• **Your task**
Repeat the span of the entries below that starts at the line with "French Antique Rococo" and ends at the line with "YOTON Y3 WiFi", nothing more. Skip the pictures.

• **Data to use**
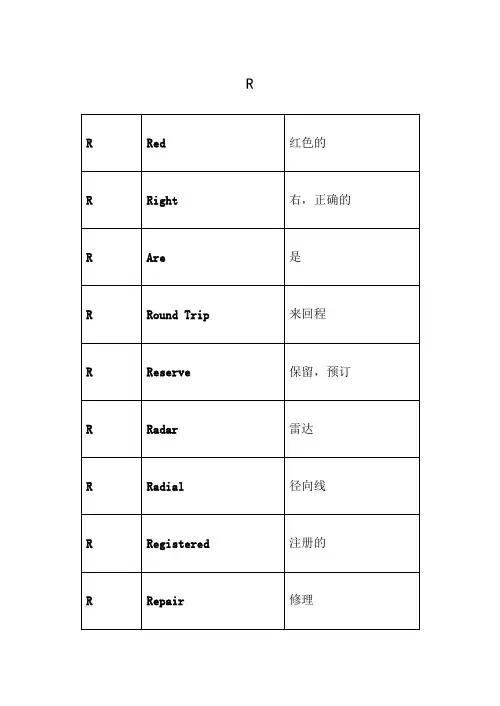 民航专业词汇缩写 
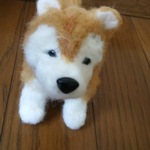 羊毛フエルト秋田犬
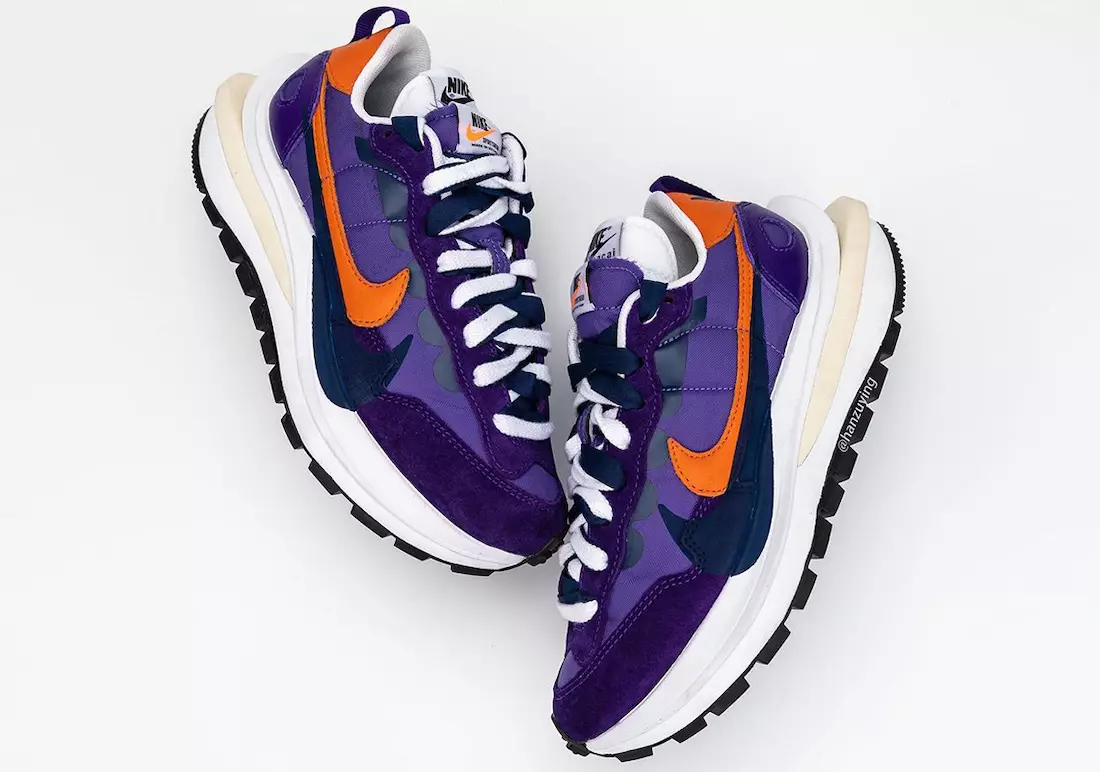 Ngày phát hành Sacai Nike VaporWaffle Dark Iris Purple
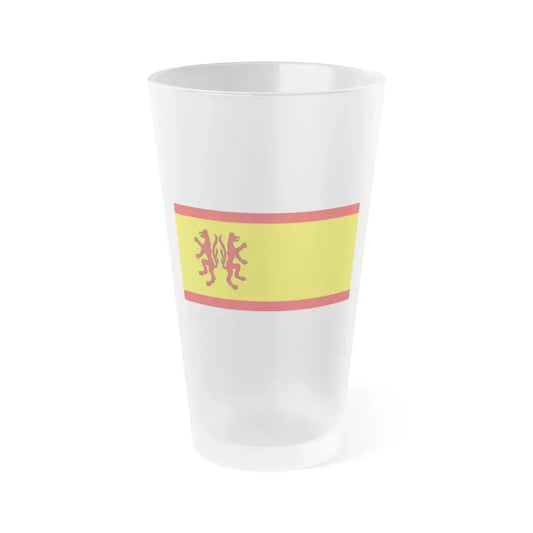 Flag of Peine Germany - Frosted Pint Glass 16oz 16oz Frosted - Go Mug Yourself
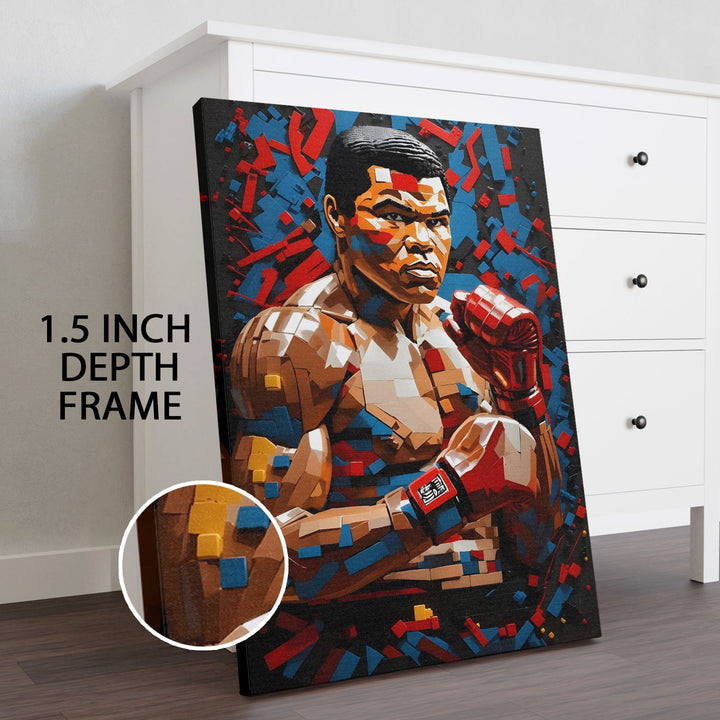 Boxing Royalty Wall Art Painting, HD Canvas Print, Framed, Ready to Hang. (POMWA279)
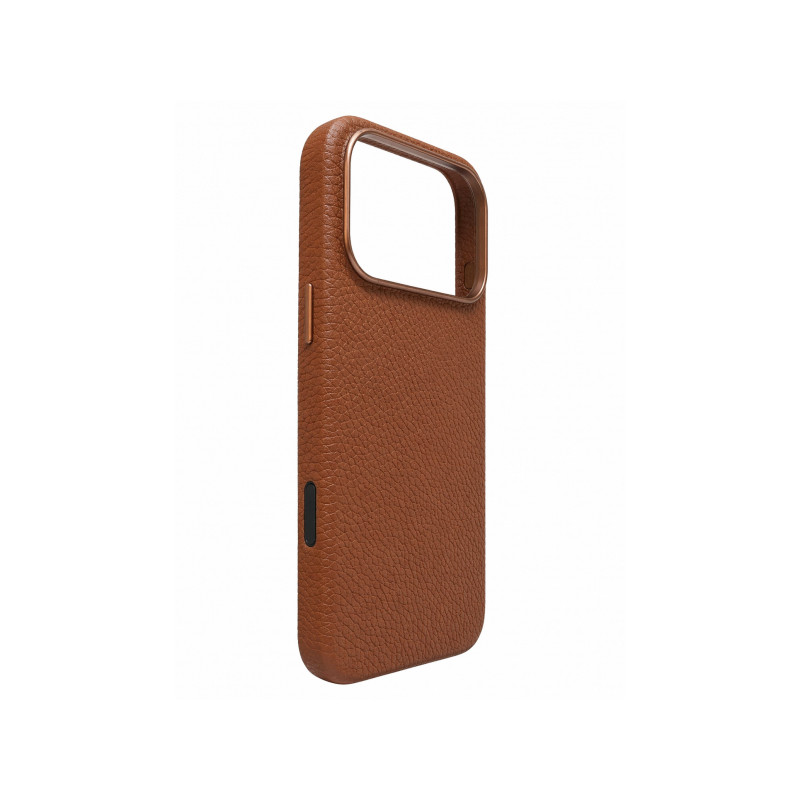 Viedtālruņa aizmugurējais vāciņš Apple iPhone 17 Leather Brūna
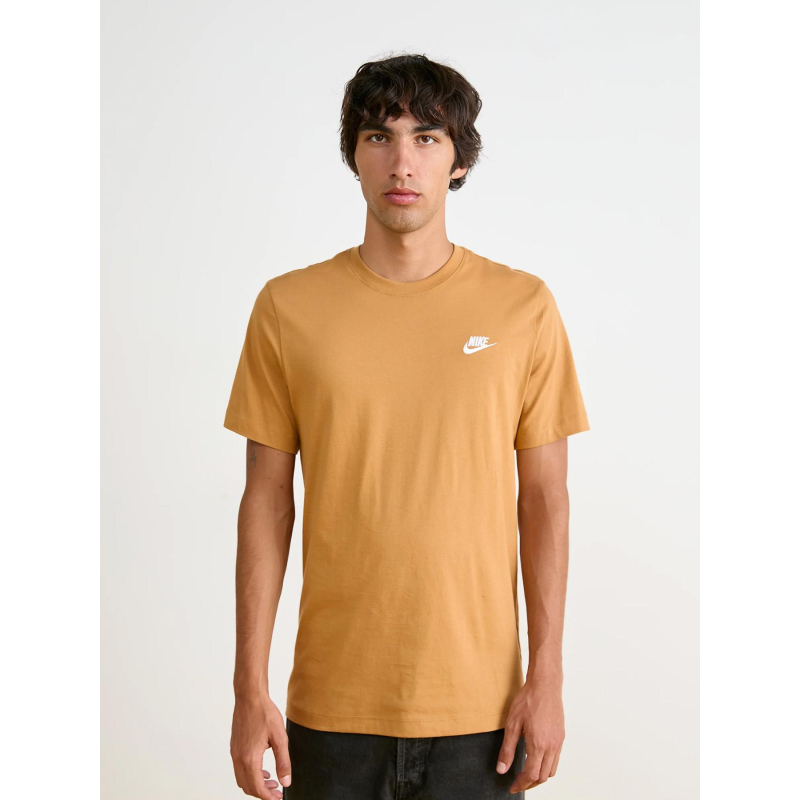 T-shirt nsw club tee logo marron homme - Nike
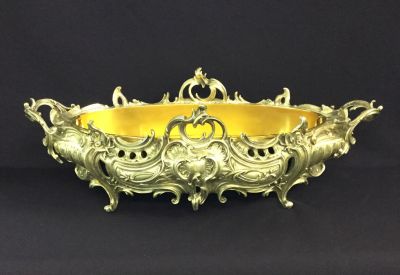 French Antique Rococo Style, Christofle Silver Plate Centrepiece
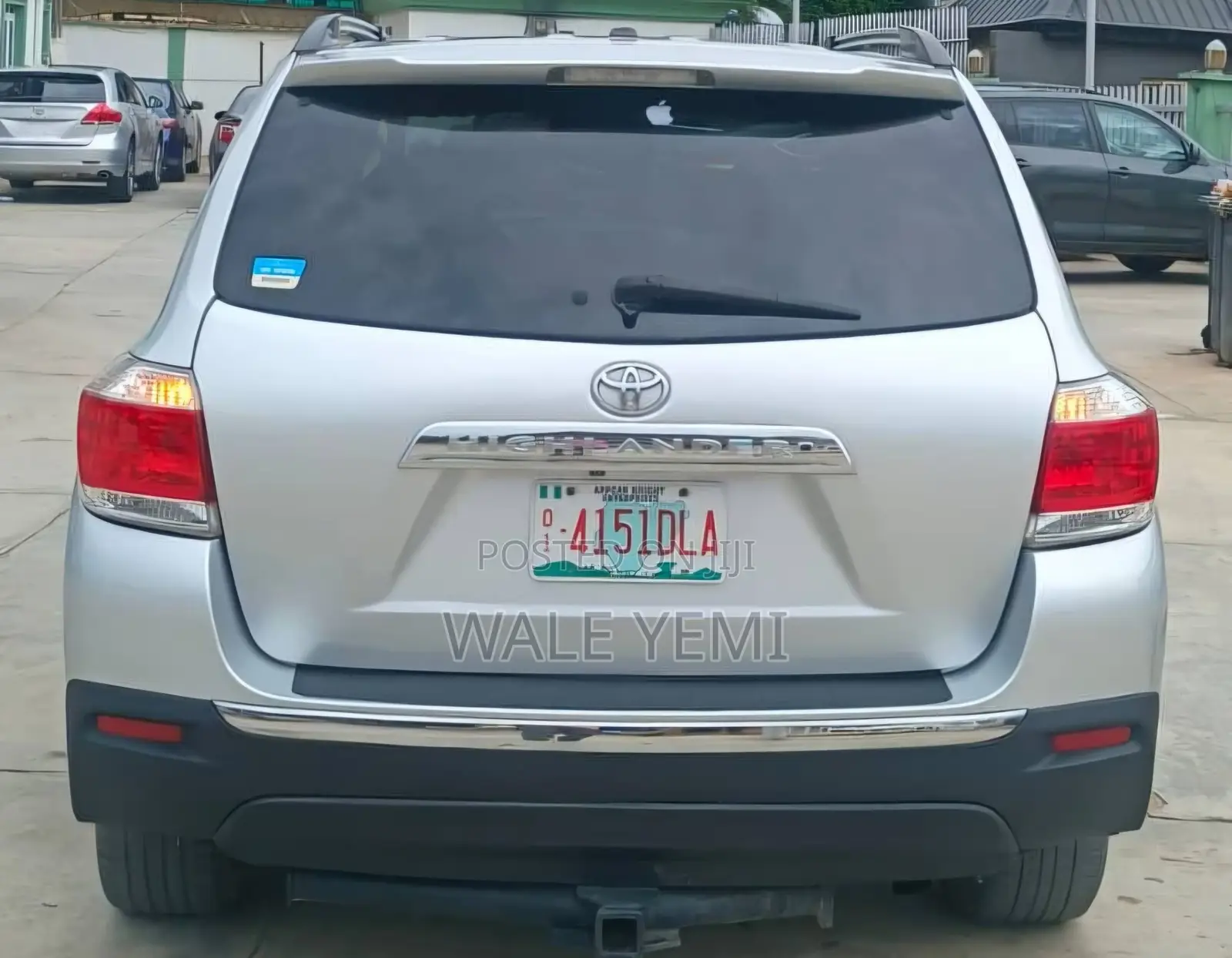 Toyota Highlander Limited 2011 Silver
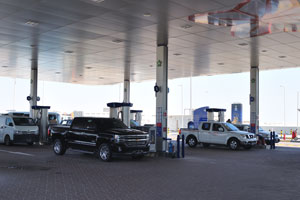 “WOQOD Petrol Station #18, Rawdat Al Hamama” gas station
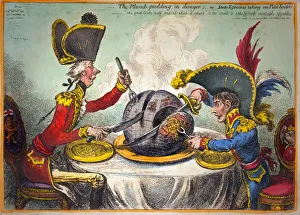 The Plumb-Pudding in Danger; -or-State Epicures Taking a Petit Souper (engraving) The Plumb-Pudding in Danger; -or-State Epicures Taking a Petit Souper (engraving)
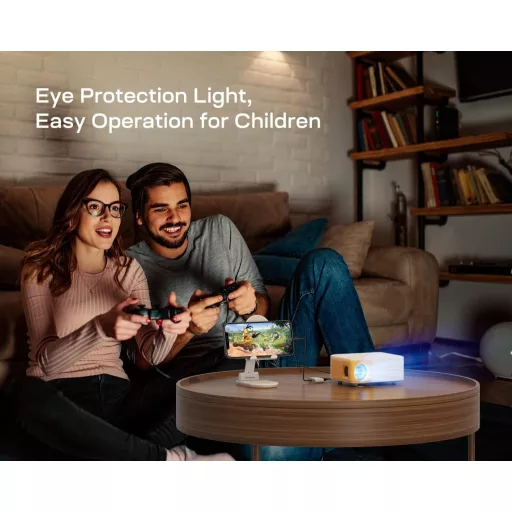YOTON Y3 WiFi Mini Projektor Full HD 1080P - Hordozható Kivetítő USB/HDMI/AV Csatlakozással iOS/Android Telefonokhoz, PC, PS4/PS5, Xbox Komp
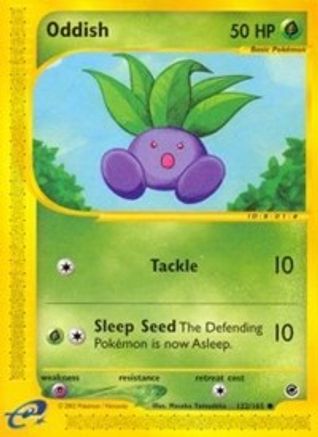 Oddish 122/165 - Reverse Holofoil Expedition - Common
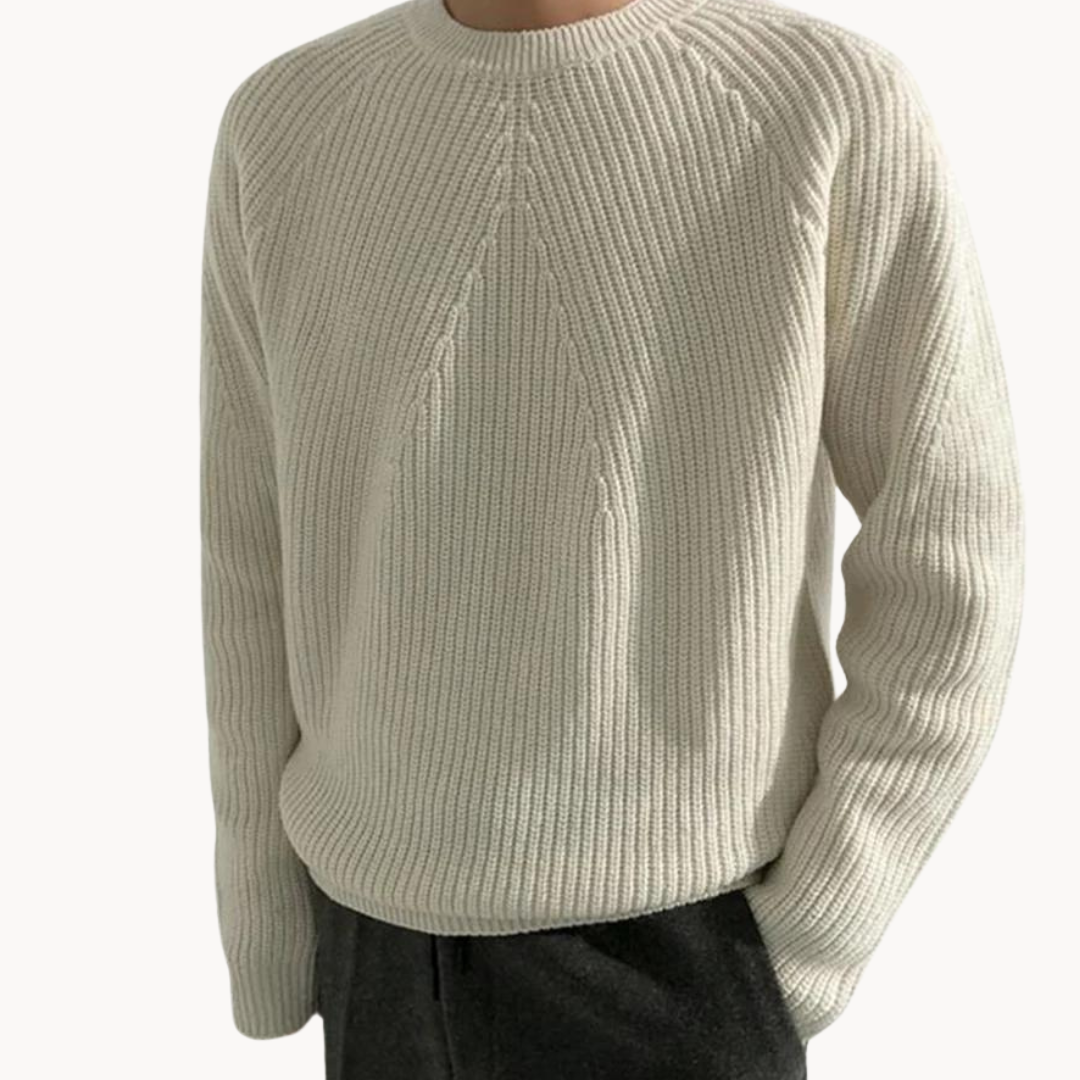 Ronan Ridgeway Ribbed Sweater | Zenda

• **Solved exercise**
 French Antique Rococo Style, Christofle Silver Plate Centrepiece
 Toyota Highlander Limited 2011 Silver
 “WOQOD Petrol Station #18, Rawdat Al Hamama” gas station
 The Plumb-Pudding in Danger; -or-State Epicures Taking a Petit Souper (engraving) The Plumb-Pudding in Danger; -or-State Epicures Taking a Petit Souper (engraving)
YOTON Y3 WiFi Mini Projektor Full HD 1080P - Hordozható Kivetítő USB/HDMI/AV Csatlakozással iOS/Android Telefonokhoz, PC, PS4/PS5, Xbox Komp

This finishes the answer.